- Action item:
Could you restate word for word every line of the records below, from the first one to the one holding "Entrepôt à louer"?

*****

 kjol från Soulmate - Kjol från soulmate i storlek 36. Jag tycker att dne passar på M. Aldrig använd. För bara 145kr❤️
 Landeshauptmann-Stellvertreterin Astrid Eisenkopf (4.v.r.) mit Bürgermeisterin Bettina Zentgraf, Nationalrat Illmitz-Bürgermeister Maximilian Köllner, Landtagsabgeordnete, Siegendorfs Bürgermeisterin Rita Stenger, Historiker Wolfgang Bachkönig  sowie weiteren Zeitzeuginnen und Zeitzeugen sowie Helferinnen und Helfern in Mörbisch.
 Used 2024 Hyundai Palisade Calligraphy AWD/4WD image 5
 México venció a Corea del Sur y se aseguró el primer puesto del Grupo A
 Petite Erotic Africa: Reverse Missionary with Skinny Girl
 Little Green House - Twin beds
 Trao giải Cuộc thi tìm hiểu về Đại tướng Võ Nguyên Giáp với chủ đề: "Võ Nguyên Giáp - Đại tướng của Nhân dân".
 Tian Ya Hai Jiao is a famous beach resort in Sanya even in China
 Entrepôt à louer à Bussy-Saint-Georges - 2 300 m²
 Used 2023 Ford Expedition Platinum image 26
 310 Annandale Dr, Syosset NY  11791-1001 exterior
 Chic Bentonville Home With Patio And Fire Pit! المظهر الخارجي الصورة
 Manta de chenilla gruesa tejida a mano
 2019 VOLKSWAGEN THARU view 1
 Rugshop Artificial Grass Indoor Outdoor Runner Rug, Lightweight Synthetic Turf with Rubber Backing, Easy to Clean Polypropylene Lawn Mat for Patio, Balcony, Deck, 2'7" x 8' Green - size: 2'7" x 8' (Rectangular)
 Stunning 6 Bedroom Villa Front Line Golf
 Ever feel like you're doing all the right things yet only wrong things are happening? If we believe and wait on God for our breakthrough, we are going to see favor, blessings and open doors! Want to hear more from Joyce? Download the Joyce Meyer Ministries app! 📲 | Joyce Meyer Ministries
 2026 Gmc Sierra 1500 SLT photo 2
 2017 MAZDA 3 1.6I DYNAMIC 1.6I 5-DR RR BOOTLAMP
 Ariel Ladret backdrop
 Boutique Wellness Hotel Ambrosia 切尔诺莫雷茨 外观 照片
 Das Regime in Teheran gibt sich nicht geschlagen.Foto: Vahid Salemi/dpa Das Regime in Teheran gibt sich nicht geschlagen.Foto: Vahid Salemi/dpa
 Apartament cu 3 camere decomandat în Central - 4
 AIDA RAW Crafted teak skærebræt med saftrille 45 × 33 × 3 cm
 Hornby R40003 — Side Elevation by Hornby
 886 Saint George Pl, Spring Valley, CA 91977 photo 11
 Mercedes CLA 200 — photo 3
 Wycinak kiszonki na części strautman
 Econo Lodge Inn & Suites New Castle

*****

- Expected answer:
 kjol från Soulmate - Kjol från soulmate i storlek 36. Jag tycker att dne passar på M. Aldrig använd. För bara 145kr❤️
 Landeshauptmann-Stellvertreterin Astrid Eisenkopf (4.v.r.) mit Bürgermeisterin Bettina Zentgraf, Nationalrat Illmitz-Bürgermeister Maximilian Köllner, Landtagsabgeordnete, Siegendorfs Bürgermeisterin Rita Stenger, Historiker Wolfgang Bachkönig  sowie weiteren Zeitzeuginnen und Zeitzeugen sowie Helferinnen und Helfern in Mörbisch.
 Used 2024 Hyundai Palisade Calligraphy AWD/4WD image 5
 México venció a Corea del Sur y se aseguró el primer puesto del Grupo A
 Petite Erotic Africa: Reverse Missionary with Skinny Girl
 Little Green House - Twin beds
 Trao giải Cuộc thi tìm hiểu về Đại tướng Võ Nguyên Giáp với chủ đề: "Võ Nguyên Giáp - Đại tướng của Nhân dân".
 Tian Ya Hai Jiao is a famous beach resort in Sanya even in China
 Entrepôt à louer à Bussy-Saint-Georges - 2 300 m²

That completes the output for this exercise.